## Dataset section

——

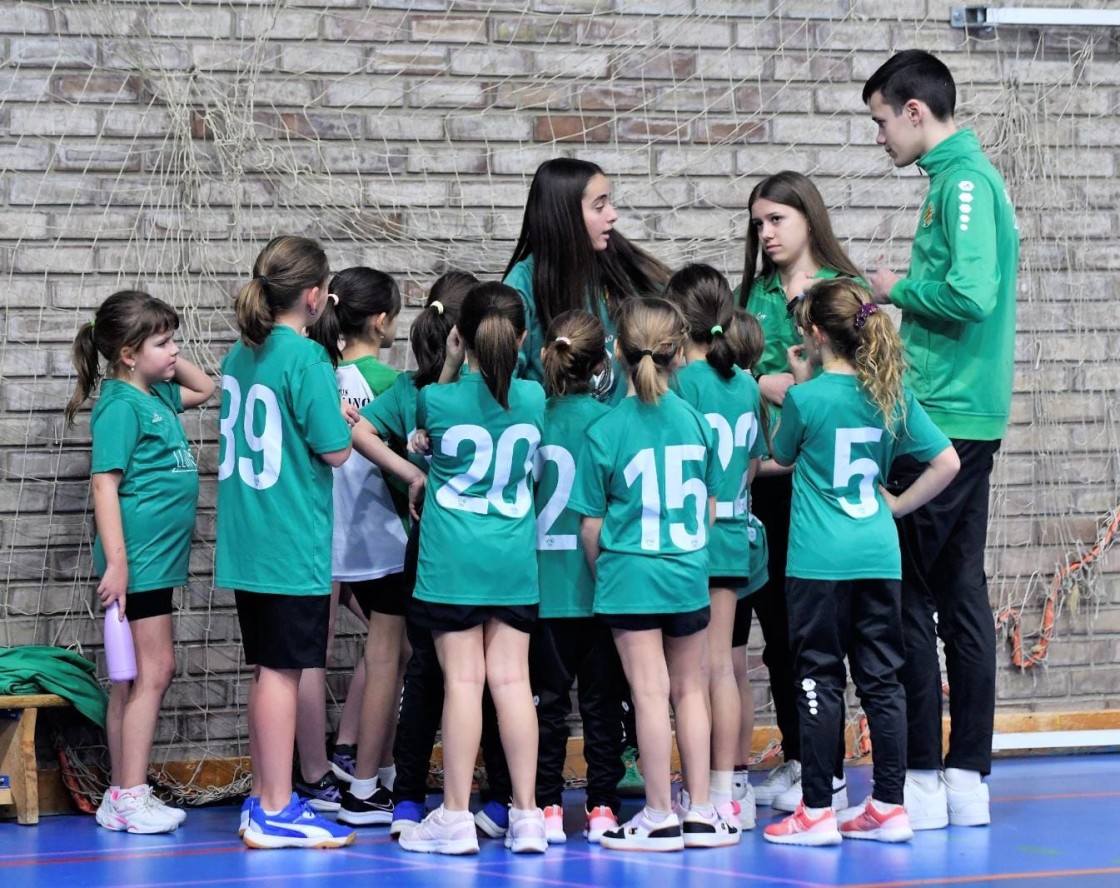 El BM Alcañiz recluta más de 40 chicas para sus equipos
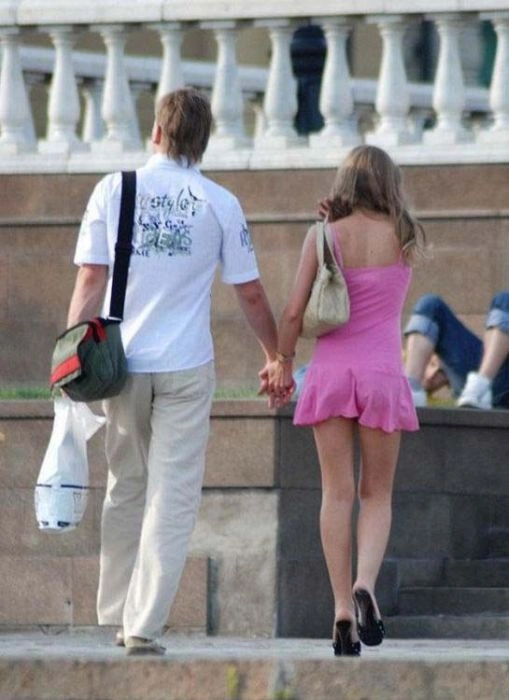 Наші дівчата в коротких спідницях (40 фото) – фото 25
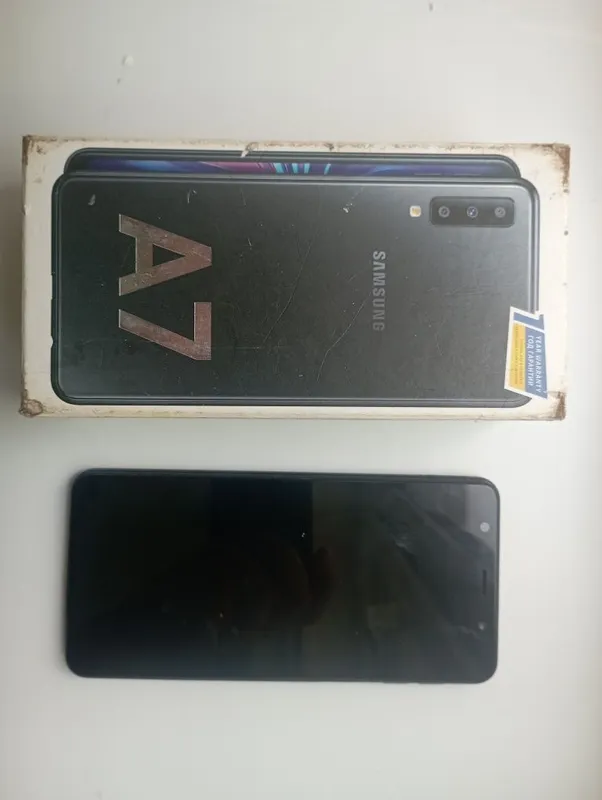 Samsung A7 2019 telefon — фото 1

——

## Task details
The data above should be set down again exactly, with the pictures omitted.

## Expected answer
 El BM Alcañiz recluta más de 40 chicas para sus equipos
 Наші дівчата в коротких спідницях (40 фото) – фото 25
 Samsung A7 2019 telefon — фото 1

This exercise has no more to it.